─── Recorded information

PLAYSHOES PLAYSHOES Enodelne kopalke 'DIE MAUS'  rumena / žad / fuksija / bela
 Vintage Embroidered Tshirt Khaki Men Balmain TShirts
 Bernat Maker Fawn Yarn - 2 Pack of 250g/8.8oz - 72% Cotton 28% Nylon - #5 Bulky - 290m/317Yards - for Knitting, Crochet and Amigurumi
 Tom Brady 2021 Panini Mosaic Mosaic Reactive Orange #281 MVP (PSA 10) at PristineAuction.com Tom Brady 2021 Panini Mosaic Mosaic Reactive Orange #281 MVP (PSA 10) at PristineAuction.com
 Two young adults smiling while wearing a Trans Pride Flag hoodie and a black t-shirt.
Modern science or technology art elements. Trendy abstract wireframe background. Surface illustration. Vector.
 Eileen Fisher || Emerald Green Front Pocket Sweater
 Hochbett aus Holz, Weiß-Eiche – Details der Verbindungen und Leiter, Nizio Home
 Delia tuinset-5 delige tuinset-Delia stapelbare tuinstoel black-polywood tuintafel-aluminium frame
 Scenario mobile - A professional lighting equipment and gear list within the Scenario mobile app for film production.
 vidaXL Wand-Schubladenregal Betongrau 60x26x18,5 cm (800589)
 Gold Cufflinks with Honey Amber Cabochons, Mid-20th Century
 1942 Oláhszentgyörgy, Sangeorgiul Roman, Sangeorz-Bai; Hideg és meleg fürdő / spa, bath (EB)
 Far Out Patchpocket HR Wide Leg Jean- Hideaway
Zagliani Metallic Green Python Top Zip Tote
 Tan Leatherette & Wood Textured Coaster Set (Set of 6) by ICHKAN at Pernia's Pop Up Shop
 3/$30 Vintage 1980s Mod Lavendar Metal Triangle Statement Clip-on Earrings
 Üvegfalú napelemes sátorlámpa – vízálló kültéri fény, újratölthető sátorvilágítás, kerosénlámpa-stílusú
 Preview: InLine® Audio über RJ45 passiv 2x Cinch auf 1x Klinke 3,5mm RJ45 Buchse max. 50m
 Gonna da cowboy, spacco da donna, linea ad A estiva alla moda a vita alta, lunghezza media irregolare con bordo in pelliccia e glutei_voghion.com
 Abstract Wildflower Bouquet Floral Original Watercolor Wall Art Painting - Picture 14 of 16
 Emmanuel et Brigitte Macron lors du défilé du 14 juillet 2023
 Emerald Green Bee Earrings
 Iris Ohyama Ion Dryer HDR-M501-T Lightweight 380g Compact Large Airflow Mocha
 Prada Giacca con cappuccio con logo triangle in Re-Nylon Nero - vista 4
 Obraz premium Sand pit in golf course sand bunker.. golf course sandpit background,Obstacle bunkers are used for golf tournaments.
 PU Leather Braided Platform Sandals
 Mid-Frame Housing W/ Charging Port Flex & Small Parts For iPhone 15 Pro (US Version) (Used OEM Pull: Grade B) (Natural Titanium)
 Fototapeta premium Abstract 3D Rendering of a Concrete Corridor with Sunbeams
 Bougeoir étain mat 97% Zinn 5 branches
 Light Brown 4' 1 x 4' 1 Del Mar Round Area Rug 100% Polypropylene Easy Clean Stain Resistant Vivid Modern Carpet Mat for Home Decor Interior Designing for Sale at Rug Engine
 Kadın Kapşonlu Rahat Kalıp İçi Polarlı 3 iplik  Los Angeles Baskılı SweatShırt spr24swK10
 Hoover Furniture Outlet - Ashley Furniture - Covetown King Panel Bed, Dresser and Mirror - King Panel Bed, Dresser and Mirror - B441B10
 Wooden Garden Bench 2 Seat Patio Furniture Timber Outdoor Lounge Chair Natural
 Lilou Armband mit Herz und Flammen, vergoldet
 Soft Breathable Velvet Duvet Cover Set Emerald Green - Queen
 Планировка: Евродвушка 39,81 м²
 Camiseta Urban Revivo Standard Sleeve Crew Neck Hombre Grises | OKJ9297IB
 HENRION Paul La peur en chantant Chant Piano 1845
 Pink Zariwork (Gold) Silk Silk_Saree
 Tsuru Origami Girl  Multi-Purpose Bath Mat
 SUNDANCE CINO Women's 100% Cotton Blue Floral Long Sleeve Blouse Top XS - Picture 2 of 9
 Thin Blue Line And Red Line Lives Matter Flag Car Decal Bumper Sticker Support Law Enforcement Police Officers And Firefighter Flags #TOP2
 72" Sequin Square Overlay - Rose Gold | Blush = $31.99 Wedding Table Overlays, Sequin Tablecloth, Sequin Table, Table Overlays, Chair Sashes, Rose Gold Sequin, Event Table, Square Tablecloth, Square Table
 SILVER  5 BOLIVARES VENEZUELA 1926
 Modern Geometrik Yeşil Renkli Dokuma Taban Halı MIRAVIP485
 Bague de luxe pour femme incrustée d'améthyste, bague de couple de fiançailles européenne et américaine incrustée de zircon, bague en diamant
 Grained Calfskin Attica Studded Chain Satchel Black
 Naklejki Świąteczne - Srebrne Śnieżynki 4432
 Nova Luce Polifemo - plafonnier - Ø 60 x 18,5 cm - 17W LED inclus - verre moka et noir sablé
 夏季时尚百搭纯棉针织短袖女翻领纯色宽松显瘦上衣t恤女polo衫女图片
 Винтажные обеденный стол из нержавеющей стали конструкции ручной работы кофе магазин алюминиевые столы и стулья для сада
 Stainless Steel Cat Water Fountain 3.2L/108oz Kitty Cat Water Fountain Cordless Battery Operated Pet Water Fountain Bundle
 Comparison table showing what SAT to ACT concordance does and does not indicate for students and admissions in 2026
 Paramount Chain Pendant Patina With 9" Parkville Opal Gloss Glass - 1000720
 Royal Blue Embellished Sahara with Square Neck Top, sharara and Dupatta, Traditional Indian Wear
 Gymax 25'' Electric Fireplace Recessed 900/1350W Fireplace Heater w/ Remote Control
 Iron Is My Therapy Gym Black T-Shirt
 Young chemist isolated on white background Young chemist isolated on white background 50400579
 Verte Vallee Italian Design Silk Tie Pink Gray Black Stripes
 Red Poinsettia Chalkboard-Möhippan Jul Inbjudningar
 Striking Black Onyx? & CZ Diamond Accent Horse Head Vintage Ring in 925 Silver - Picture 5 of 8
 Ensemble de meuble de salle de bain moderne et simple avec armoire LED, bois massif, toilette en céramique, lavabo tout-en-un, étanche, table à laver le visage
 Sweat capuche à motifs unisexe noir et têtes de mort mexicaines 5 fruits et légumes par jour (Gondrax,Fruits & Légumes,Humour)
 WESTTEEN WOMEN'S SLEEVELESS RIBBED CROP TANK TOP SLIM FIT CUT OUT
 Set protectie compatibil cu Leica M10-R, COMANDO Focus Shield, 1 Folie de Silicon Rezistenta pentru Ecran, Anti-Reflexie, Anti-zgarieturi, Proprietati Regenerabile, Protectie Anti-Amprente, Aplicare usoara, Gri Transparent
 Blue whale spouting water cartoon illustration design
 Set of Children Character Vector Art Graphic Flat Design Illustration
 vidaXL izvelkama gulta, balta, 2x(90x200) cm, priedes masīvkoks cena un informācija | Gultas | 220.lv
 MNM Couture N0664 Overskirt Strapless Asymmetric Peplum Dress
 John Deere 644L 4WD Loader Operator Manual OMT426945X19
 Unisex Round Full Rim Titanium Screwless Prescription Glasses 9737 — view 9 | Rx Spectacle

──────

What is being asked =
Write out every line of the entries that holds the word "Floral".

Response to this exercise =
 Abstract Wildflower Bouquet Floral Original Watercolor Wall Art Painting - Picture 14 of 16
 SUNDANCE CINO Women's 100% Cotton Blue Floral Long Sleeve Blouse Top XS - Picture 2 of 9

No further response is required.